Le sed contra est assez clair pour se passer de commentaires. Je relèverai simplement une « hiérarchie de paternité » que Thomas présente dans le corps de sa réponse :
- Paternité parfaite, de la Personne du Père à celle du Fils.
- Paternité de Dieu selon la similitude de gloire : C’est selon ce mode qu’il est le père des saints. « Nous nous glorifions dans l’espérance de la gloire des fils de Dieu. » (Romains 5.2 VULGATE)
- Paternité de Dieu selon la similitude de grâce : c’est selon ce mode qu’il est le père des élus. « L’Esprit lui-même rend témoignage à notre esprit que nous sommes enfants de Dieu. Or, si nous sommes enfants, nous sommes aussi héritiers » (Romains 8.16-17)
- Paternité de Dieu selon l’image de Dieu : c’est selon le mode qu’il est le père des hommes « N’est-il pas ton père, ton maître ? N’est-ce pas lui qui t’a formé, et qui t’a affermi ? » (Deutéronome 32.6)
- Paternité selon une similitude de vestige : c’est selon le mode qu’il est dit être le père de choses inanimées. « La pluie a-t-elle un père ? Qui fait naître les gouttes de la rosée ? » (Job 38.28)
Pour ma part, je rejette la distinction entre paternité selon la gloire et paternité selon la grâce.
- Parce que Romains 5.2 ne porte pas « des fils de » dans le texte biblique. C’est une erreur de la vulgate.
- Parce qu’il n’y a pas de distinction entre l’amour de Dieu pour les élus dans ce monde et l’amour pour les élus dans le monde suivant. Dans Romains 8.17, les deux sont confondus : « Or, si nous sommes enfants, nous sommes aussi héritiers : héritiers de Dieu, et cohéritiers de Christ, si toutefois nous souffrons avec lui, afin d’être glorifiés avec lui. »
Article 4 : Est-il propre au Père d’être inengendré ?
S. Hilaire écrit : “ L’Un procède de l’Un, c’est-à-dire que l’Engendré procède de l’Inengendré, chacun ayant en propre l’un l’innascibilité, l’autre l’origine. ”

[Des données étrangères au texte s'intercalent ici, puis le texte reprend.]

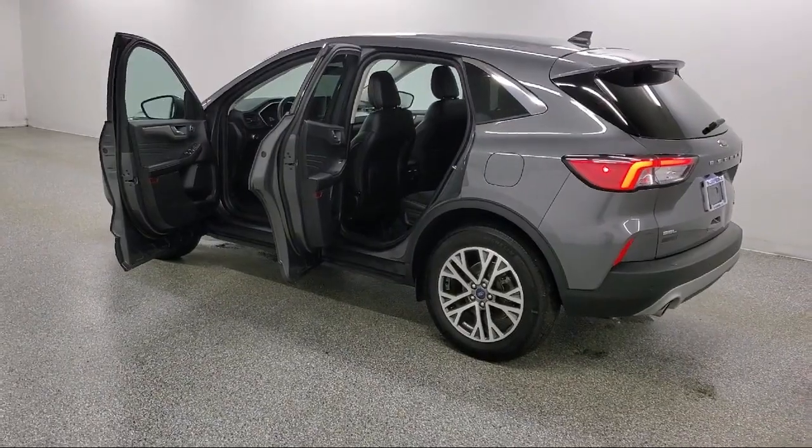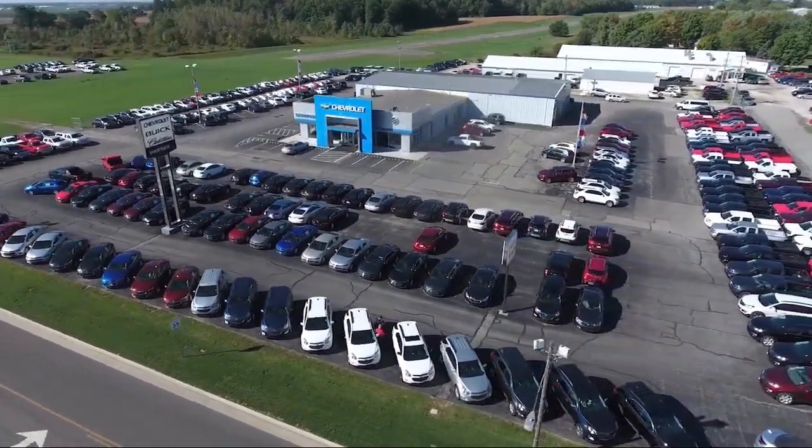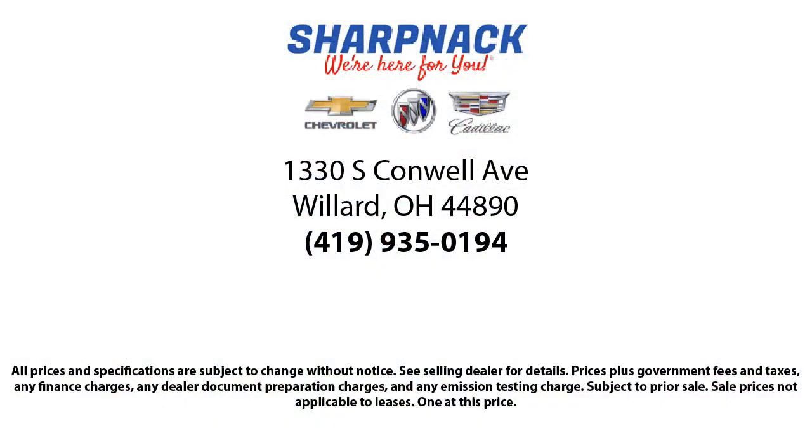It is the Sharp Neck promise to be straightforward, never to pressure anyone, and to keep all promises made. So come see us today — we're located at 1330 South Conwell Avenue, Sharp Neck Chevrolet Buick Cadillac, we're here for you!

De même que dans les créatures on distingue “ premier principe ” et “ second principe ”, ainsi dans les Personnes divines, où il n’y a ni avant ni après, on distingue un “ Principe qui n’a pas de principe ” : c’est le Père ; et un “ Principe qui a un principe ” : c’est le Fils. […]en tant que “ Principe qui n’a pas de principe ”, il se notifie par ceci qu’“ il n’est pas d’un autre ” ; et voilà précisément la propriété d’innascibilité, celle que signifie le nom d’“ Inengendré ”.